WASHINGTON (AP) — President Donald Trump has privately discussed the possibility of firing Attorney General Pam Bondi and replacing her with Environmental Protection Agency Administrator Lee Zeldin, three people familiar with the matter told The Associated Press on Thursday.
In those conversations, Trump has discussed his ongoing frustration with Bondi over her handing of the Jeffrey Epstein files and hurdles the Justice Department has encountered in investigations into Trump's perceived enemies, the people said. The Republican president has mentioned other candidates but has raised Zeldin's name as recently as this week, the people said.
The people were not authorized to publicly discuss the private conversations and spoke to the AP on the condition of anonymity.
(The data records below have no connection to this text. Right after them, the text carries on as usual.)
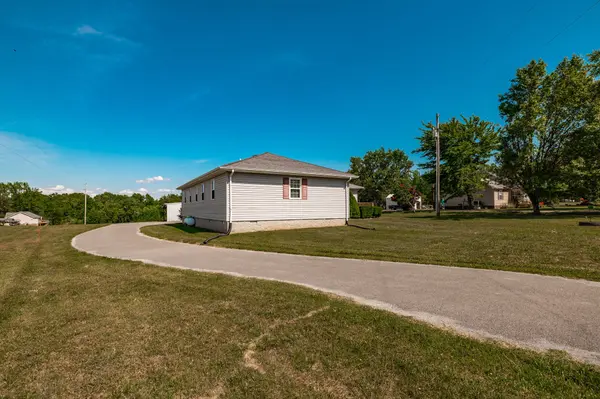 1212 Mount Vernon Rd, Bethpage, TN 37022
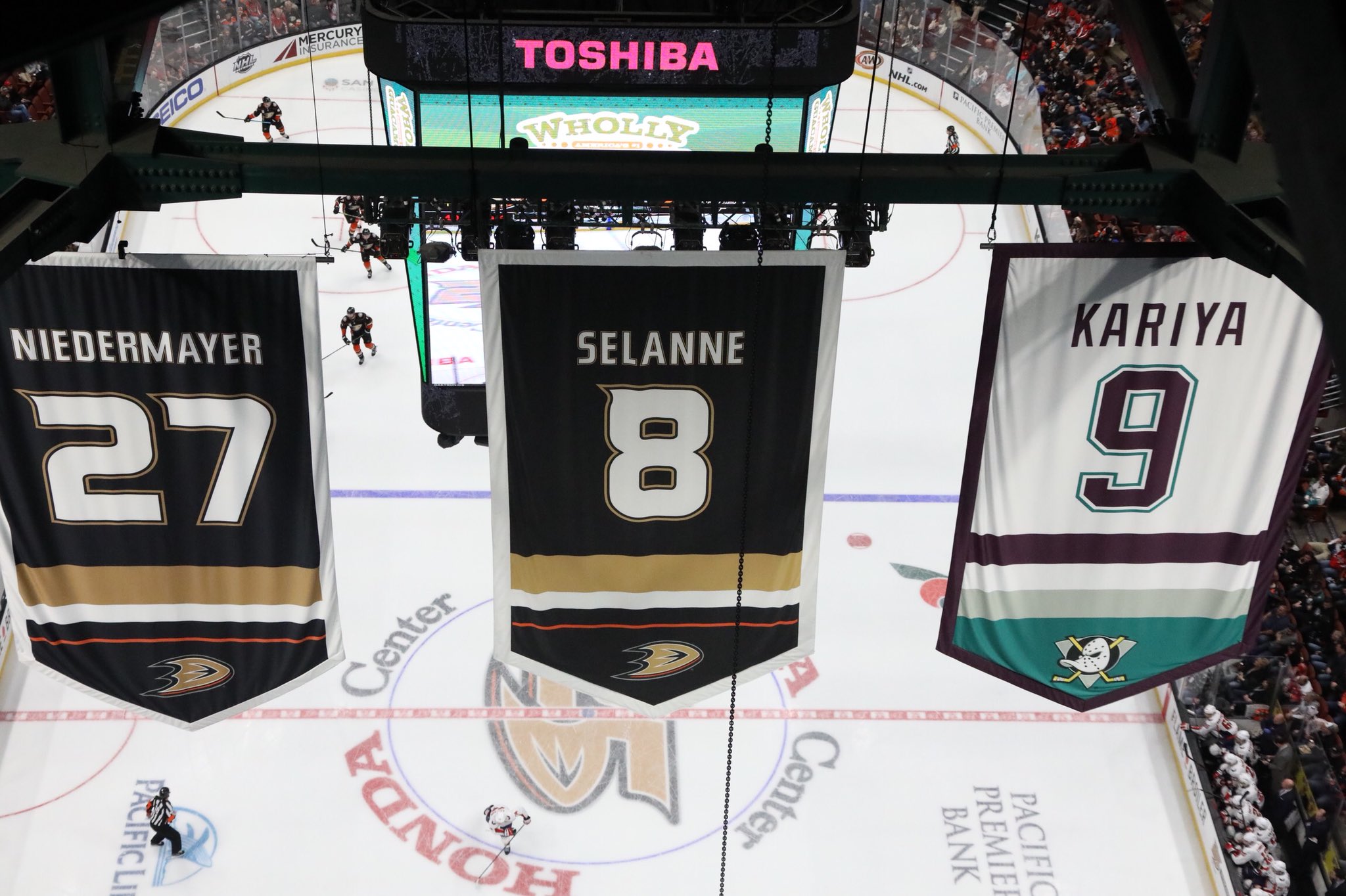 ducks retired jerseys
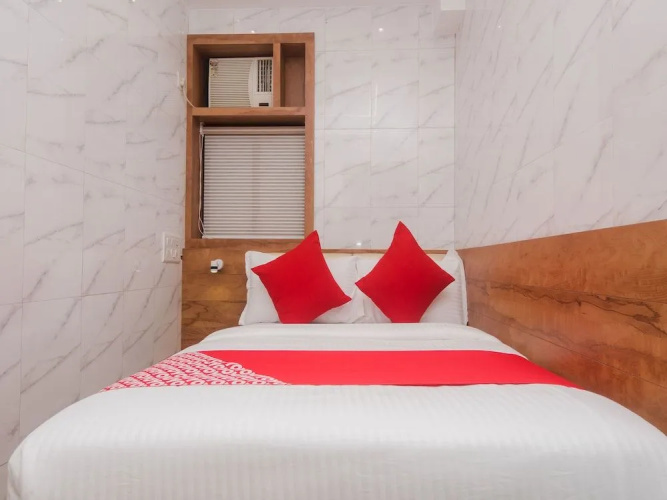 OYO 17202 Hotel Indore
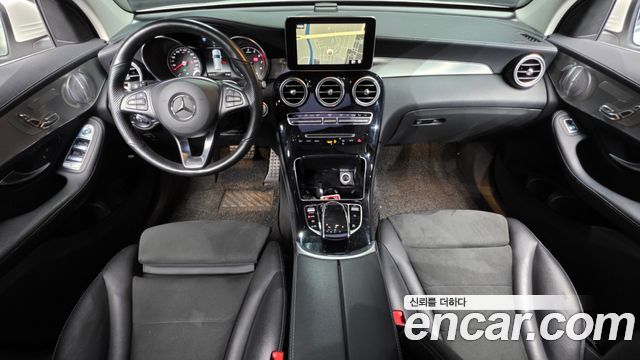 Mercedes-Benz GLC-Class GLC300 4MATIC AMG Line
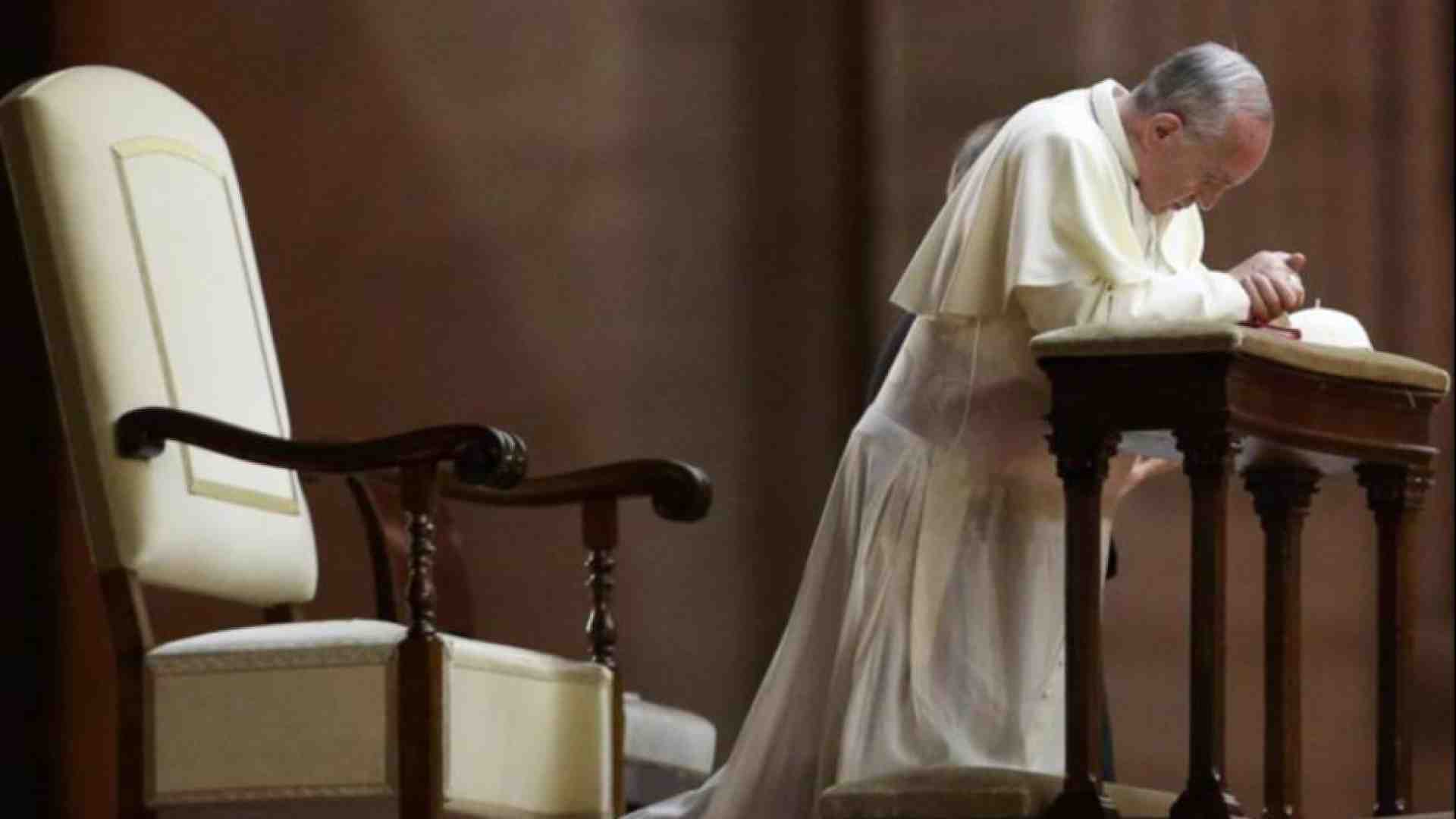 Immagine di Il Papa e quel «ricordatevi di pregare per me». Ma come si deve pregare?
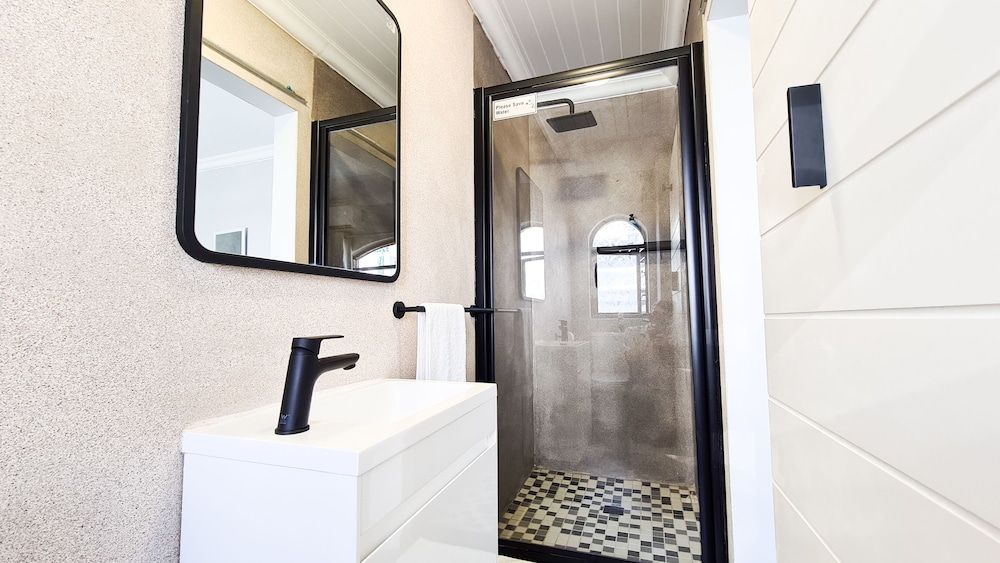 Vincent Valley Lodge Family Room 6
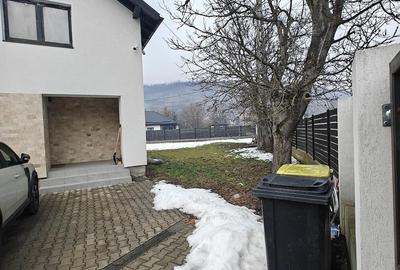 Casă cu Teren 1100 Mp în Ivănești - 3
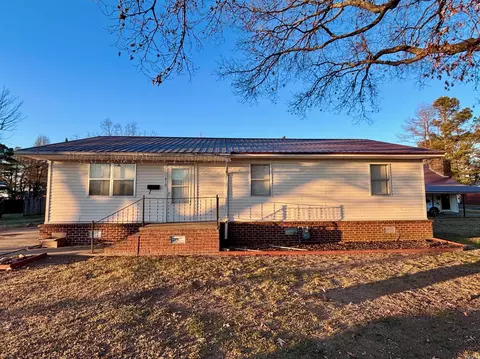 410 Elm St, Walnut Ridge, AR 72476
No decision has been announced, and Trump has been known to change his mind on personnel decisions.
"Attorney General Pam Bondi is a wonderful person and she is doing a good job," Trump said in a statement produced by the White House.
Zeldin, a former Republican congressman from New York, has been publicly and privately praised by Trump, who at an event in February described him as "our secret weapon."
Bondi, a former state attorney general in Florida and a Trump loyalist who was part of his legal team during his first impeachment case, has been in her position for more than a year. She came into office pledging that she would not play politics with the Justice Department, but she quickly started investigations of Trump foes, sparking an outcry that the law enforcement agency was being wielded as a tool of revenge to advance the president's political and personal agenda.
She has also endured months of scrutiny over the Justice Department's handling of the Epstein files that made her the target of angry conservatives even with her close relationship with Trump.
Under Bondi's leadership, the department opened investigations into a string of Trump foes, including Federal Reserve Chair Jerome Powell, New York Attorney General Letitia James, former FBI Director James Comey and former CIA Director John Brennan.
The high-profile prosecutions of Comey and James were quickly thrown out by a judge who ruled that the prosecutor who brought the cases was illegally appointed. Other politically charged investigations have either been rejected by grand juries or failed to result in criminal charges.